### Exercise
Using the listing below, give again exactly the lines from the line with "Jumpzylla Rebounder Fitness" to the line with "Srebrna tapeta - glitter", inclusive, without the pictures.

*** Opening Listed entries ***

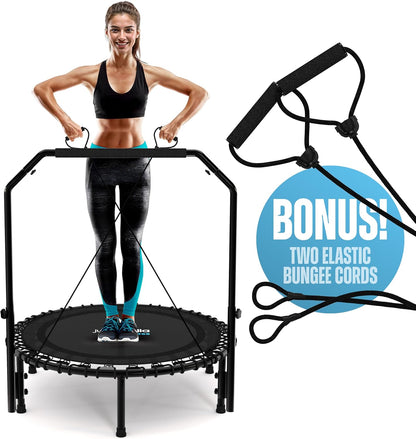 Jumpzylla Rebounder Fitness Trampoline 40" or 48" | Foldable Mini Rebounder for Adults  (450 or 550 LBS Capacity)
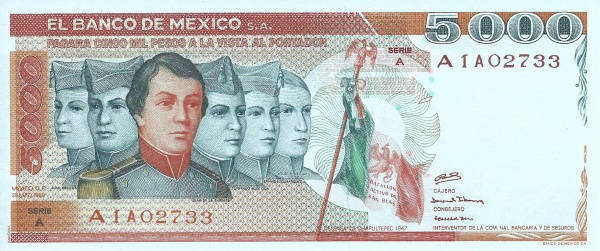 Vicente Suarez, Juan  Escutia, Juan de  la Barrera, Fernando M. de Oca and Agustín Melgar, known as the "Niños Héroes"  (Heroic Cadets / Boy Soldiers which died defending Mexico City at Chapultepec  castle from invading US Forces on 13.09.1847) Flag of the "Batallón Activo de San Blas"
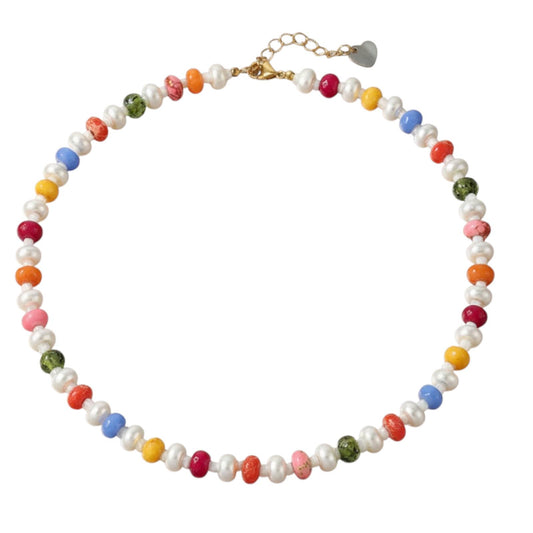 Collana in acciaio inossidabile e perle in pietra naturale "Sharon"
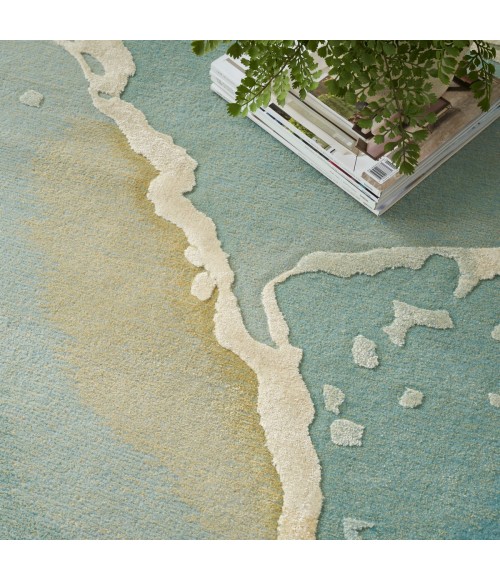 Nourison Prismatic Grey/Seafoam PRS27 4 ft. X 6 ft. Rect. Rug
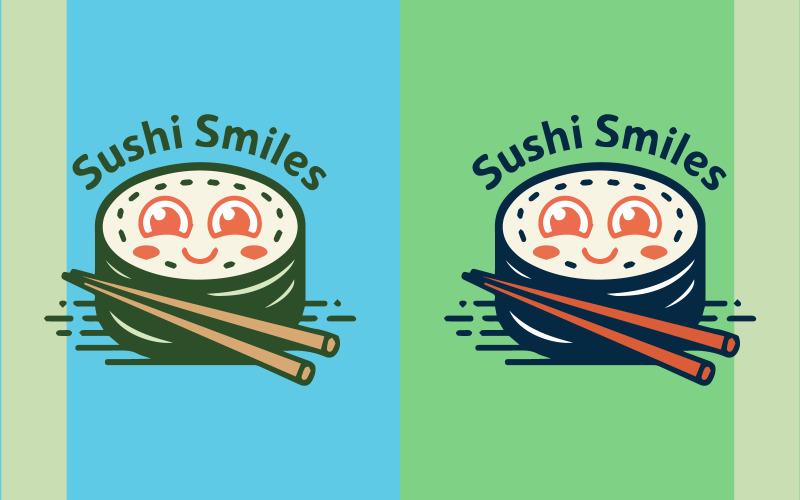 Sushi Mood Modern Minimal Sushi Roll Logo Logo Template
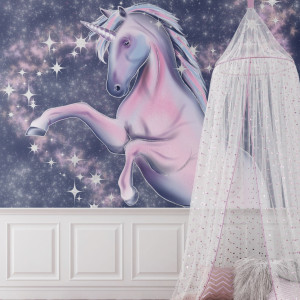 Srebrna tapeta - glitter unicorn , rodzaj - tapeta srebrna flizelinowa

*** Closing Listed entries ***
*** Opening Listed entries ***

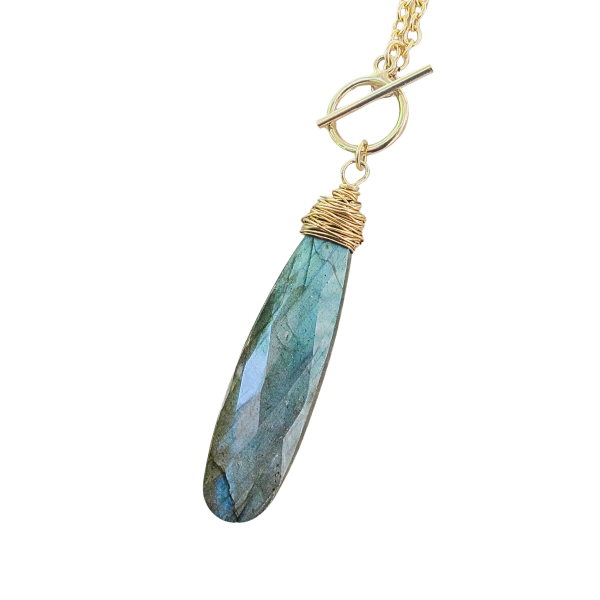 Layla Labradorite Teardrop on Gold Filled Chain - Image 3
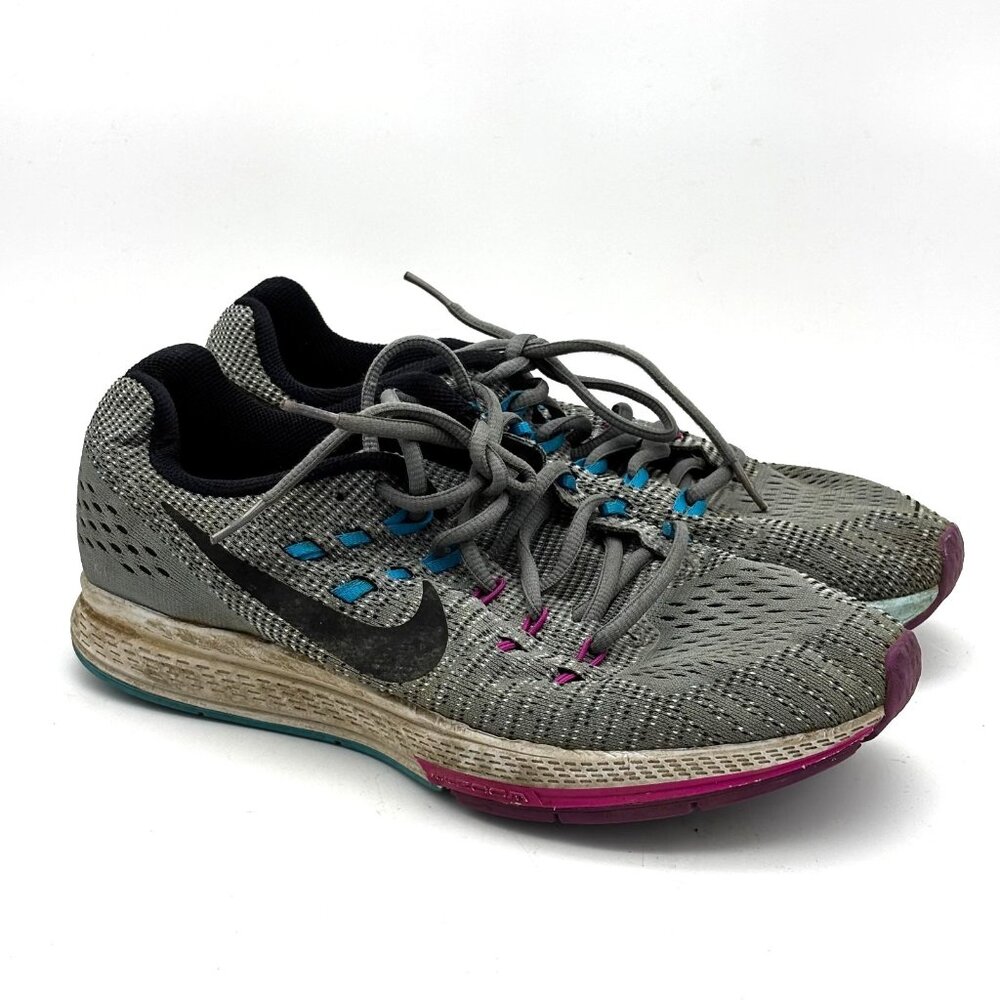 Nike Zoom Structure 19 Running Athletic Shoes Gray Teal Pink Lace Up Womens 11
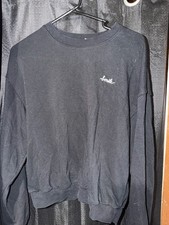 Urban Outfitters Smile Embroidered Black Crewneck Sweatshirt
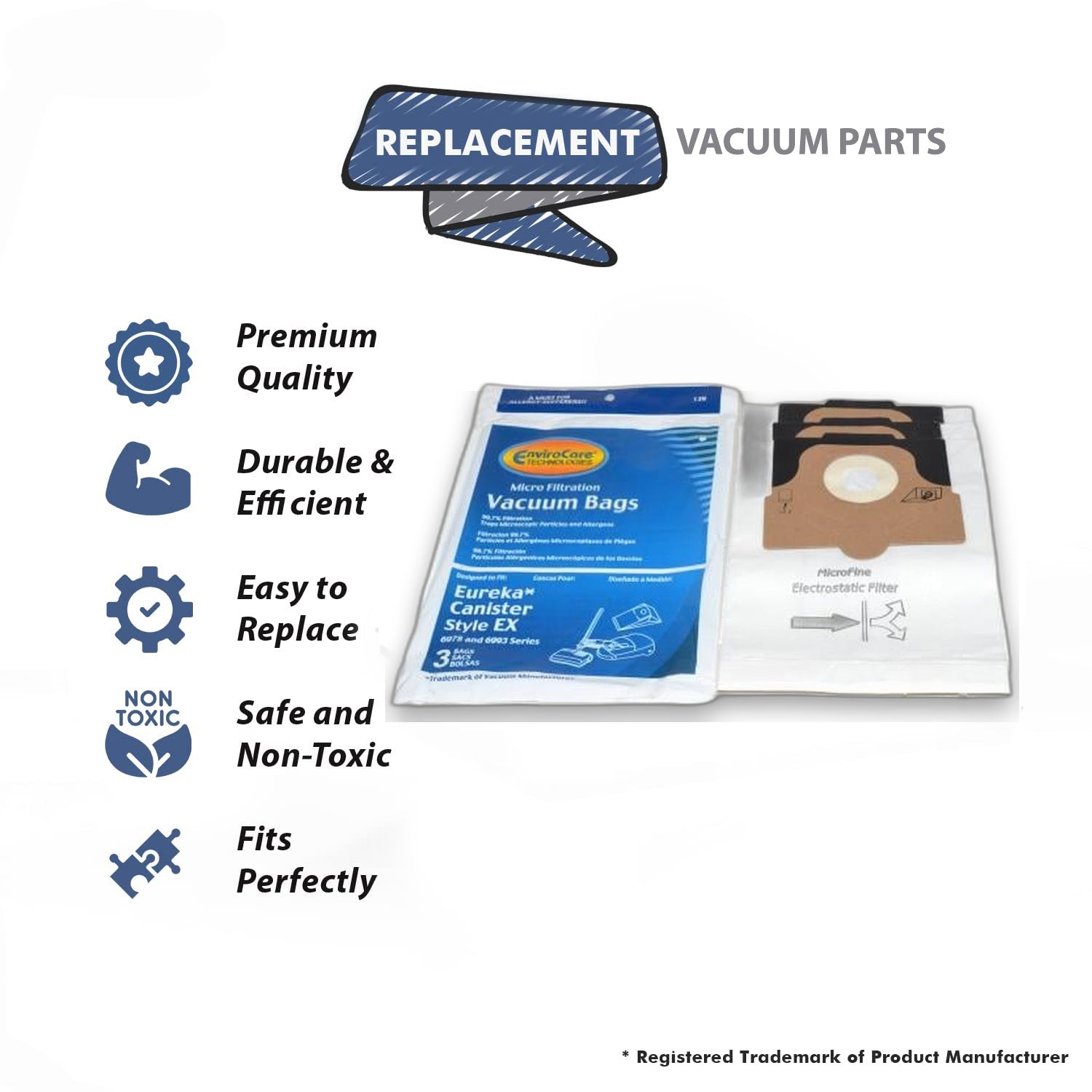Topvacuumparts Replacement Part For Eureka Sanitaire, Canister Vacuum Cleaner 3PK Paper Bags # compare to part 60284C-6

*** Closing Listed entries ***
*** Opening Listed entries ***

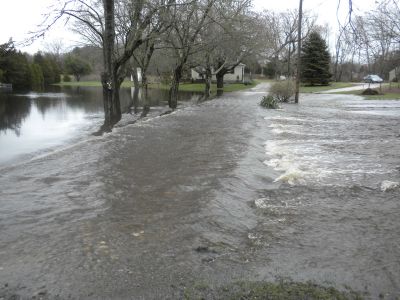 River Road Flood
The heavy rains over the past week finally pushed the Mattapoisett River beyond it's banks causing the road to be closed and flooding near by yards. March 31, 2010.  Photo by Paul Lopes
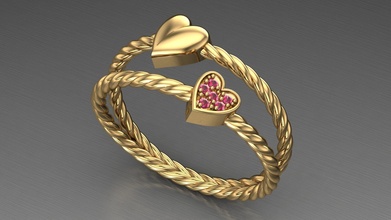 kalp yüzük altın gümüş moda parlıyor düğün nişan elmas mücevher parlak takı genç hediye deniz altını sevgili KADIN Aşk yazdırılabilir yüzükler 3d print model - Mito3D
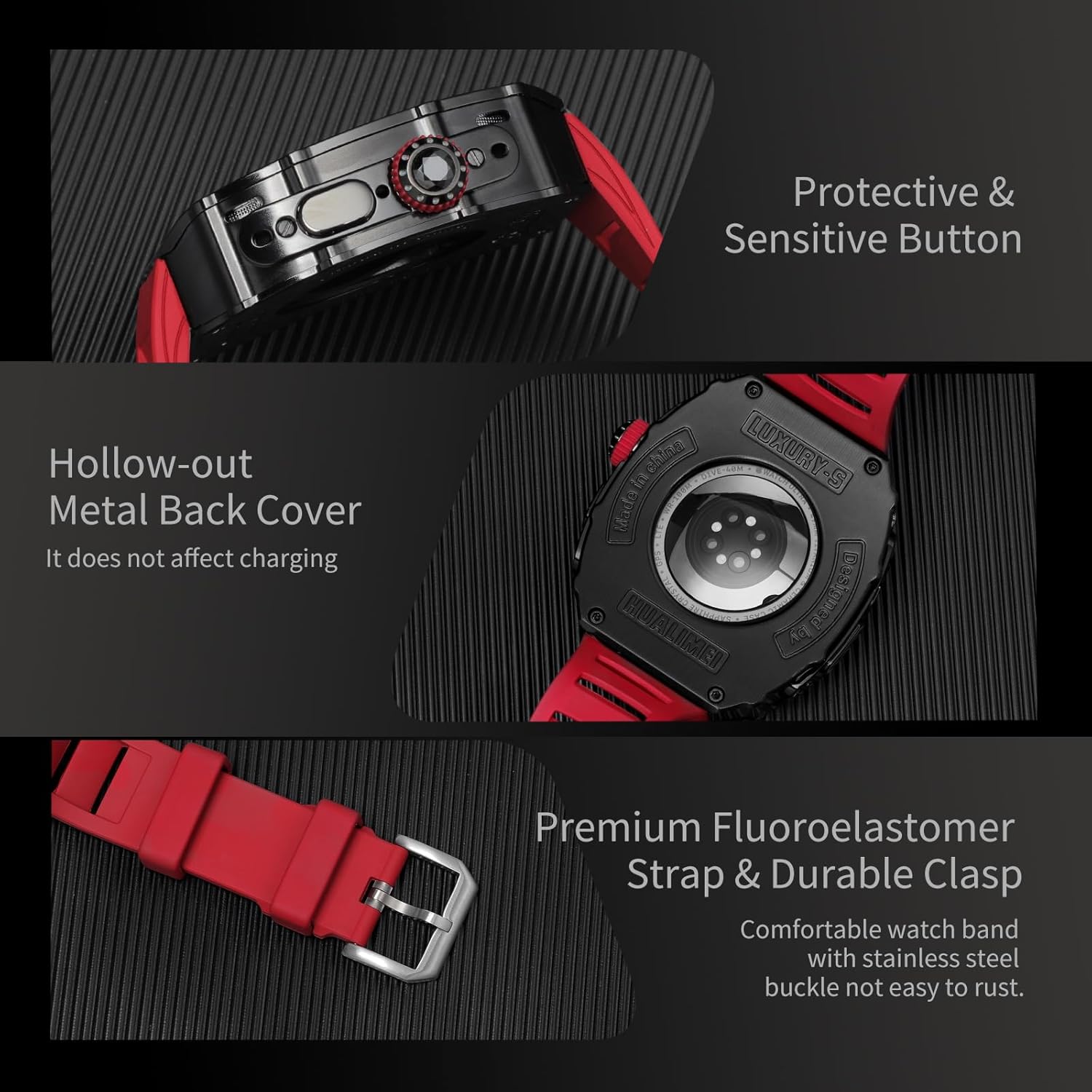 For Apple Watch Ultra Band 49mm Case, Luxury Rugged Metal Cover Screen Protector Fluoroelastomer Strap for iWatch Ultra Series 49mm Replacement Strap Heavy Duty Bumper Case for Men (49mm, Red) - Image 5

*** Closing Listed entries ***

### Your response
 Jumpzylla Rebounder Fitness Trampoline 40" or 48" | Foldable Mini Rebounder for Adults  (450 or 550 LBS Capacity)
 Vicente Suarez, Juan  Escutia, Juan de  la Barrera, Fernando M. de Oca and Agustín Melgar, known as the "Niños Héroes"  (Heroic Cadets / Boy Soldiers which died defending Mexico City at Chapultepec  castle from invading US Forces on 13.09.1847) Flag of the "Batallón Activo de San Blas"
 Collana in acciaio inossidabile e perle in pietra naturale "Sharon"
 Nourison Prismatic Grey/Seafoam PRS27 4 ft. X 6 ft. Rect. Rug
 Sushi Mood Modern Minimal Sushi Roll Logo Logo Template
 Srebrna tapeta - glitter unicorn , rodzaj - tapeta srebrna flizelinowa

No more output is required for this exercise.